The company has an option with Line to buy the plaza, and it doesn't want to share the plaza with McDonald's.

In a Sept. 7 letter, Collett representative Ryland Winston made his pitch to the Oak Grove Elementary School PTA. Oak Grove Elementary School is just across Grandin Road Extension from the plaza.

"We will only purchase it if McDonald's does not obtain the special-use permit. ... The property will not accommodate both a modern grocery store and McDonald's. If we buy Oak Grove Plaza, the grocery store will be our tenant," Winston said in the letter.

He also characterized the shopping center as "largely vacant and run-down" and outlined the potential headaches a fast-food restaurant would bring to the area.

"The worst case for the Oak Grove community would be that McDonald's obtains a special-use permit, Harris Teeter and Revco close their existing stores across 419, Oak Grove Plaza continues its decline and becomes a worse eyesore," Winston wrote.

However, a spokesperson at Harris Teeter's headquarters in Charlotte and a Roanoke district manager for Revco, both contacted Friday, said they have no plans to close their stores.

Winston also urged parents to push the Planning Commission and the Board of Supervisors to reject the McDonald's plan.

The PTA responded to Winston's call for action with a letter of its own. The Sept.18 letter was addressed to Oak Grove Families.

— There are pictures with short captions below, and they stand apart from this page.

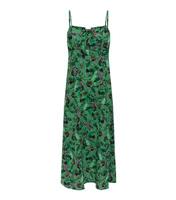 ONLY Green Floral Tie Front Midi Dress New Look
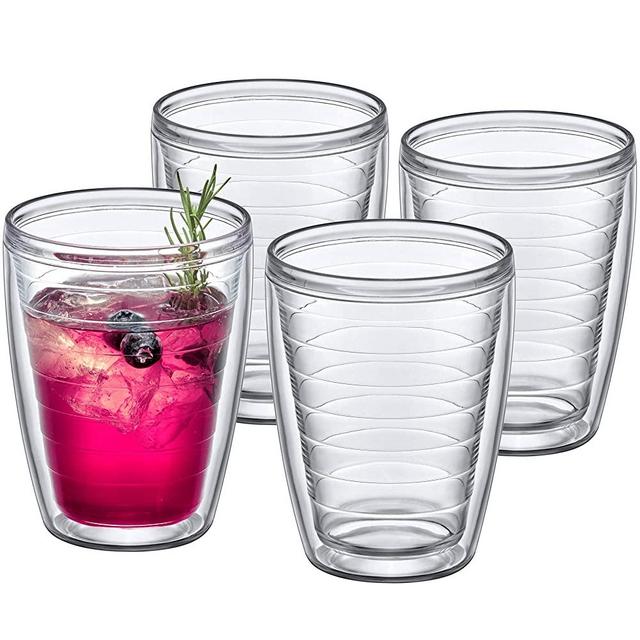 Amazing Abby - Alaska - 16-Ounce Insulated Plastic Tumblers (Set of 4), Double-Wall Plastic Drinking Glasses, All-Clear High-Balls, BPA-Free, Shatter-Proof, Dishwasher-Safe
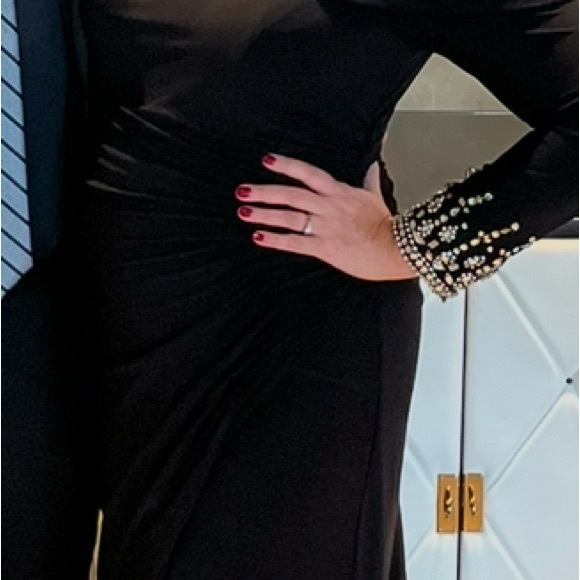Ieena for Mac Duggal black midi dress with gorgeous jewels - Picture 6 of 8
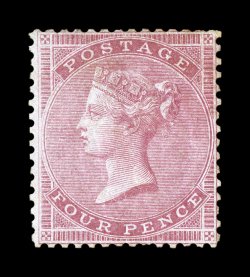 S.G. 62, 1855 4p Carmine on bluish paper, another rare unused example, strong rich color, regummed and partially reperforated, fine appearance 2008 BPA certificate (Scott 22
$5,000.00).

"Today [Oak Grove Plaza] is run-down and largely vacant. Without a major overhaul, it cannot attract or keep quality tenants. Fortunately, there is a company willing to purchase Oak Grove Plaza and completely redesign and rebuild the entire area," PTA member Betty Nevin said in her letter.

The letter offended and angered the tenants of the plaza. (The PTA has since sent a letter of apology to the tenants).

"It was extremely hurtful," said Carole Kephart, who has worked at Clothes Rack for two years. "There are a lot of little people who are going to be hurt" if Collett buys the plaza.

Winston's letter did not say what the fate of the dozen or so businesses now operating in the plaza would be. He did not return several phone calls Friday.

But at a Sept. 21 community meeting organized by McDonald's, John Draper, who manages the property for Line, said tenants may be worried about nothing.

"I've never seen any draftings or architectural renderings" from Collett, Draper said. "In my opinion, it could be a pie in the sky kind of thing."

Parker, however, isn't waiting for answers. He's been shopping around for a new location for Jumbo's, without much success.

"I've searched and searched, and there's just no place for me to move my restaurant," said Parker, who has owned the business for 15 years. "There are very few places a small restaurant can go."

So Parker has a copy of McDonald's design plan in his restaurant, and he's collecting signatures for a pro-McDonald's petition to take to the Planning Commission.

Line also supports the idea.

"I've lost money on the Oak Grove Plaza for 10 years. The problem is I don't have an anchor store," Line said of the plaza, which is only 65 percent full.

And that has been a Catch-22 situation for him: Without an anchor store he couldn't get a loan from a bank to renovate, and without renovating he couldn't attract an anchor store - until now.

Line said he will renovate if the restaurant moves in.

But the possible grocery store isn't the only obstacle. The stretch of 419 from Brambleton to Apperson Drive is fast-food restaurant-free. And some area residents want to keep it that way.

Robert Shelton, who lives a block over from Oak Grove Plaza, is one of them.

"I don't think we need it out here, and I don't want it," Shelton said. "I haven't talked to any of my neighbors who want it, either."

Neighborhood resistance was enough to keep a Burger King from building a restaurant nearby at 419 and Glen Heather Drive in 1988.

The Board of Supervisors rejected the plan, which was approved by the Planning Commission, after the restaurant failed to win the support of residents in the neighborhood.